Walleye players tap their sticks against the boards or on the ice to show their appreciation. More often than not, players from the opposing team also join in the rising ovation.

The veterans always are moved by the reaction. Many tear-up and others wave to the cheering crowd with beaming smiles. It's a very uplifting and unifying moment.

This year The Blade has taken over sponsorship of the event - an outstanding tradition.

T-TOWN TURNOUT: Want proof that Toledo is a great sports town?

On Saturday night, more than 8,000 fans packed the Huntington Center for Walleye hockey.

There also were 6,812 fans at Savage Arena for the basketball game between UT and BG.

And that's not to mention the thousands that attended high school events that evening.

Toledo ranks second in the ECHL in average attendance (7,470). And that consistent – and often vocal and knowledgeable – support has an affect on the players.

Many free agents now opt to come to Toledo because of the fan support. Just ask first-year Walleye D-man Davis Vandane. He played before crowds of 2,300 (announced) when he was with Elmira last season.

“When my agent called and said Toledo had an offer on the table, it was kind of eye-opening,” Vandane said. “They are one of best teams in the league and one of best towns. As a player when you go to an opposing rink, you always look forward to going out on the ice and looking at the building. The first time I skated out of the tunnel at the Huntington Center, the place was packed and it was so loud. It was one of the arenas I always wanted to play in because of the atmosphere. It's tough to go into some places when there are 500 or 600 people in the building. Knowing that Toledo was going to be my home rink was one of the most appealing things.”

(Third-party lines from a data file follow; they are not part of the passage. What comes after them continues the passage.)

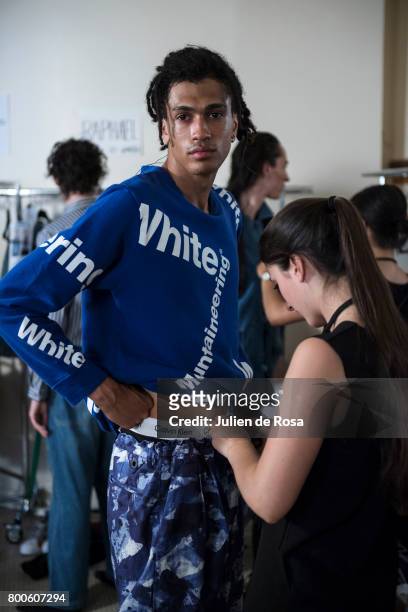Model prepares backstage before the White Mountaineering Menswear Spring/Summer 2018 show as part of Paris Fashion Week on June 24, 2017 in Paris,...
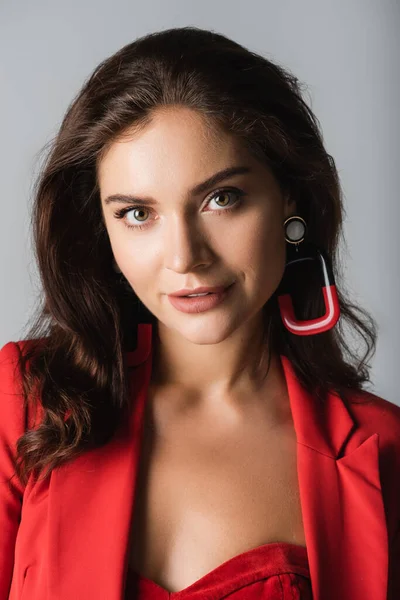 Heureux jeune femme à la mode en costume rouge et boucles d'oreilles posant isolé sur gris — Photo de stock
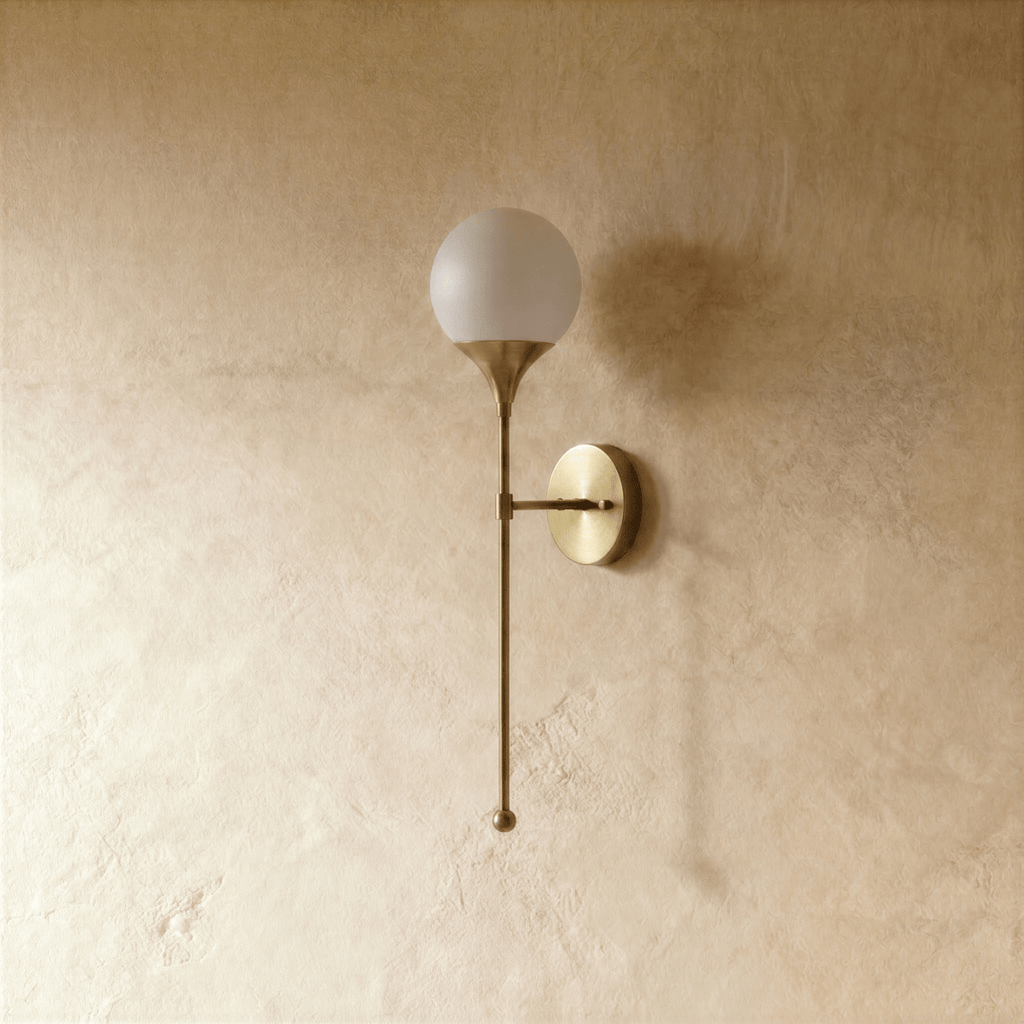 Clérachic wall lamp in satin brass, front view of the glass globe shade and its tapering rod.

GARBAGE TIME: While it should go without saying, throwing garbage on to the ice is absolute garbage.

It is never acceptable.

There have been moments over the years when fans at the Huntington Center got so worked up and heated, they littered the ice with beer cups, popcorn boxes, and other trash.

This happened during a Saturday night game on Jan. 13 when Toledo had the game well in hand over Kansas City. Inexplicably some home fans joined some supporters from the opposing team in tossing items on to the ice after “a good goal” ruling for Toledo. The Walleye players skated over and urged the unruly (and likely inebriated) bozos to stop. Toledo could have been issued a delay of game penalty.

It creates hazardous playing conditions and it's dangerous to the players. But more over, it's rude and disrespectful.

INJURY UPDATE: Forward A.J. Jenks (lower body) and defenseman Beau Schmitz (upper body) are still a few weeks away from returning to the lineup.

Jenks was on the road trip with the team to Missouri, Pennsylvania, and Canada last week. He was doing some light skating with the team. Captain Alden Hirschfeld (lower body) also was on the road trip. He is still not expected to be back until the playoffs. However, the Sylvania native is still on the bench helping coach the team.